:: What you are asked to do ::
Print the lines from the one containing "Women Velvet Keyhole Neck Top" through the end of the listing below, exactly as written. Any pictures stay out.
★ ★ ★ ★ ★
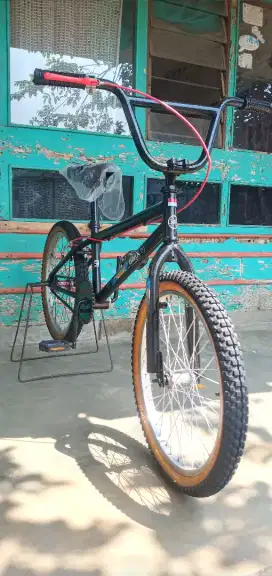 sepeda bmx bekas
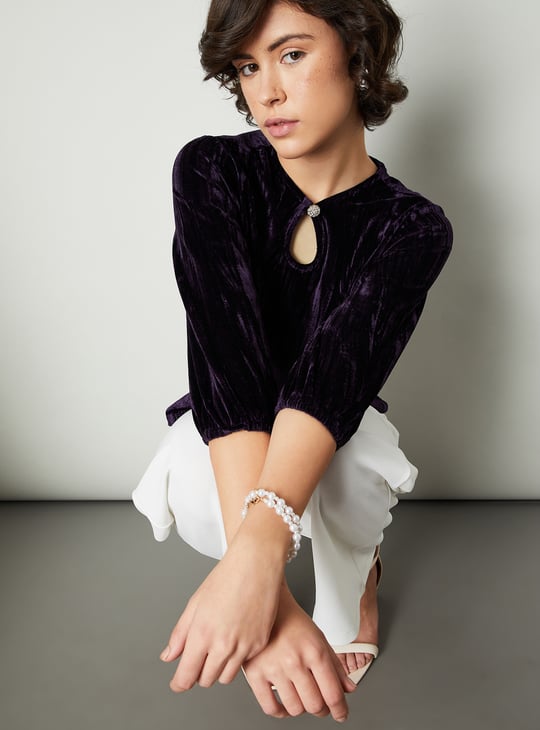 Women Velvet Keyhole Neck Top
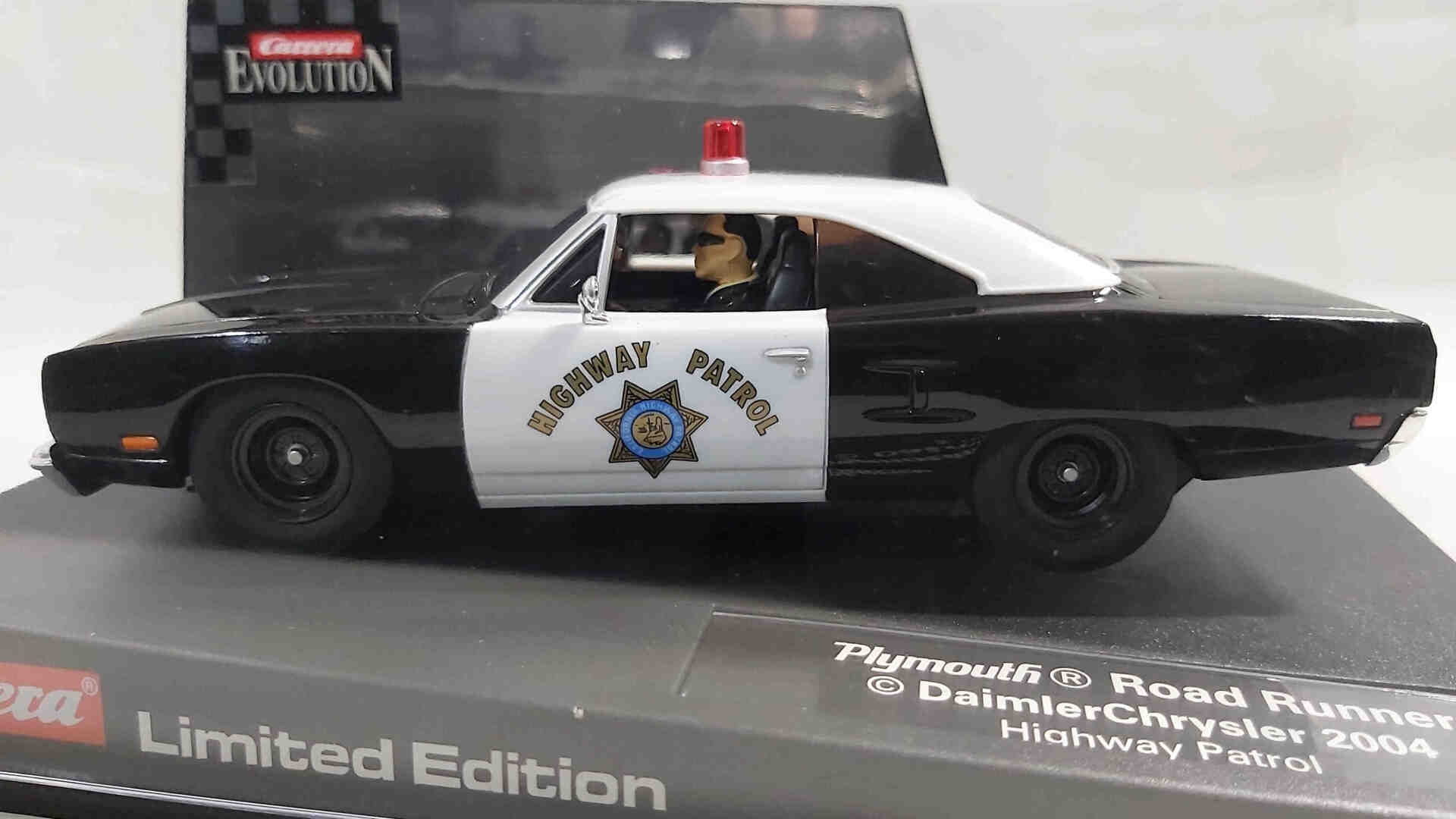 25787 Carrera Limited Edition 25787 Plymouth Road Runner Daimler Chrysler 2004 Highway Patrol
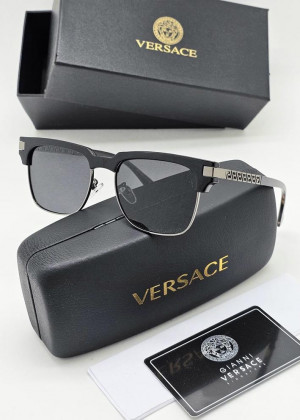 Набор: солнцезащитные очки, коробка, чехол и салфетки 100978
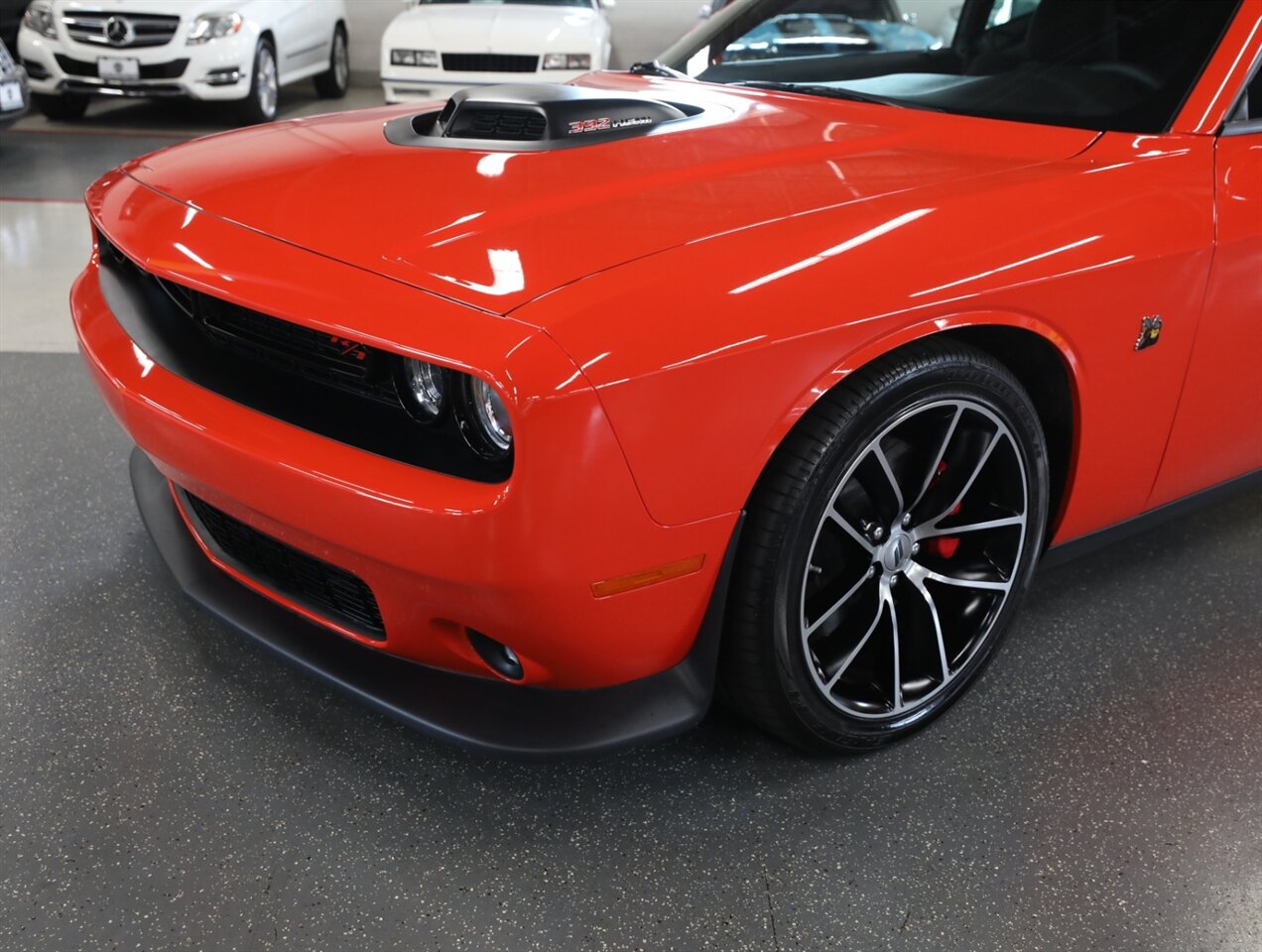 2018 Dodge Challenger 392 HEMI Scat Pack Shaker - Photo 3 - Addison, IL 60101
★ ★ ★ ★ ★
:: Answer box ::
 Women Velvet Keyhole Neck Top
 25787 Carrera Limited Edition 25787 Plymouth Road Runner Daimler Chrysler 2004 Highway Patrol
 Набор: солнцезащитные очки, коробка, чехол и салфетки 100978
 2018 Dodge Challenger 392 HEMI Scat Pack Shaker - Photo 3 - Addison, IL 60101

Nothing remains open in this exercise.